* [Try it] From the material below, copy exactly the lines beginning with the one that contains "Kali Linux will" and ending with the one that contains "And this is"; the pictures stay out.

* [Records supplied]

■ ■ ■ ■

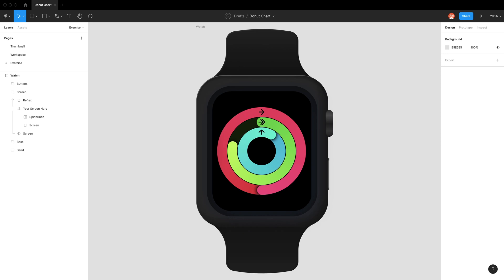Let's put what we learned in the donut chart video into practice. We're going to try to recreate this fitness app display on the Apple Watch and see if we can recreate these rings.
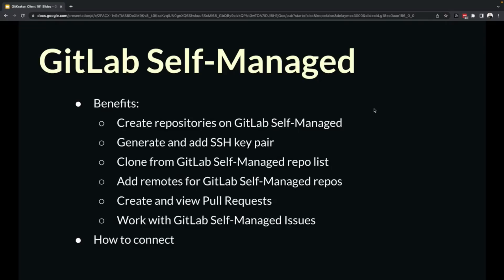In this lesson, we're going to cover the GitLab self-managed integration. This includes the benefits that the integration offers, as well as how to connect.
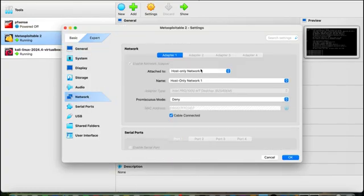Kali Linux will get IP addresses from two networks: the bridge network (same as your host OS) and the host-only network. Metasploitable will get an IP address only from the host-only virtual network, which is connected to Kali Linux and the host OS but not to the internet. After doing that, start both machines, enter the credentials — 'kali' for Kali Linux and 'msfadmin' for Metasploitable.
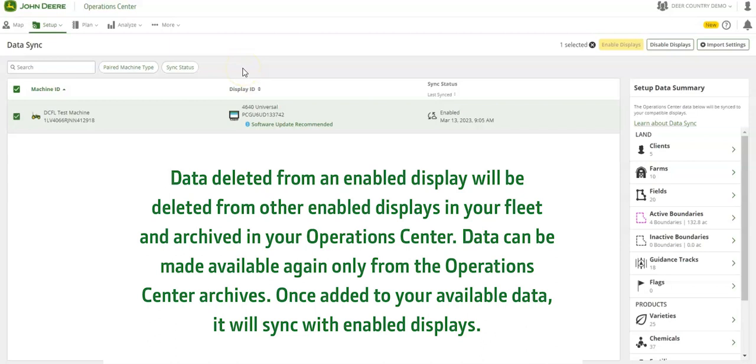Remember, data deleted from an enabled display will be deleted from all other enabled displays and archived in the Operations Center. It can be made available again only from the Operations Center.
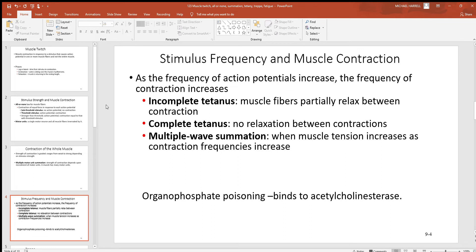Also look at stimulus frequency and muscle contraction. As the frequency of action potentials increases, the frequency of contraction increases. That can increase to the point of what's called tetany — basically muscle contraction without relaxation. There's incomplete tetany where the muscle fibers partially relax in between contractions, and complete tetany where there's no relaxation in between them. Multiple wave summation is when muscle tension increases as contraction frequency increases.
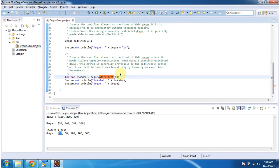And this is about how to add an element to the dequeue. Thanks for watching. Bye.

■ ■ ■ ■

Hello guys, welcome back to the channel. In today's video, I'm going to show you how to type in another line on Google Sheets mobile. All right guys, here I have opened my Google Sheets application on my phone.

■ ■ ■ ■

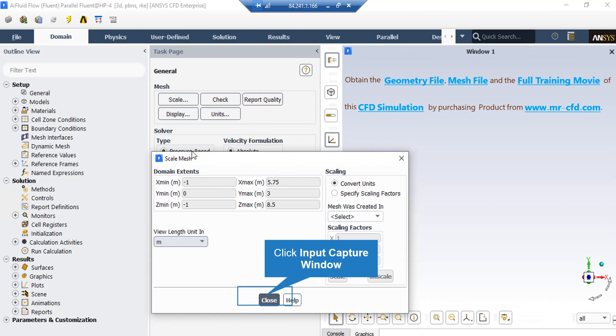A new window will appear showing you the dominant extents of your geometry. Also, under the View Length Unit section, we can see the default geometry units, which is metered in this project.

■ ■ ■ ■

* [Answer section]
Kali Linux will get IP addresses from two networks: the bridge network (same as your host OS) and the host-only network. Metasploitable will get an IP address only from the host-only virtual network, which is connected to Kali Linux and the host OS but not to the internet. After doing that, start both machines, enter the credentials — 'kali' for Kali Linux and 'msfadmin' for Metasploitable.
Remember, data deleted from an enabled display will be deleted from all other enabled displays and archived in the Operations Center. It can be made available again only from the Operations Center.
Also look at stimulus frequency and muscle contraction. As the frequency of action potentials increases, the frequency of contraction increases. That can increase to the point of what's called tetany — basically muscle contraction without relaxation. There's incomplete tetany where the muscle fibers partially relax in between contractions, and complete tetany where there's no relaxation in between them. Multiple wave summation is when muscle tension increases as contraction frequency increases.
And this is about how to add an element to the dequeue. Thanks for watching. Bye.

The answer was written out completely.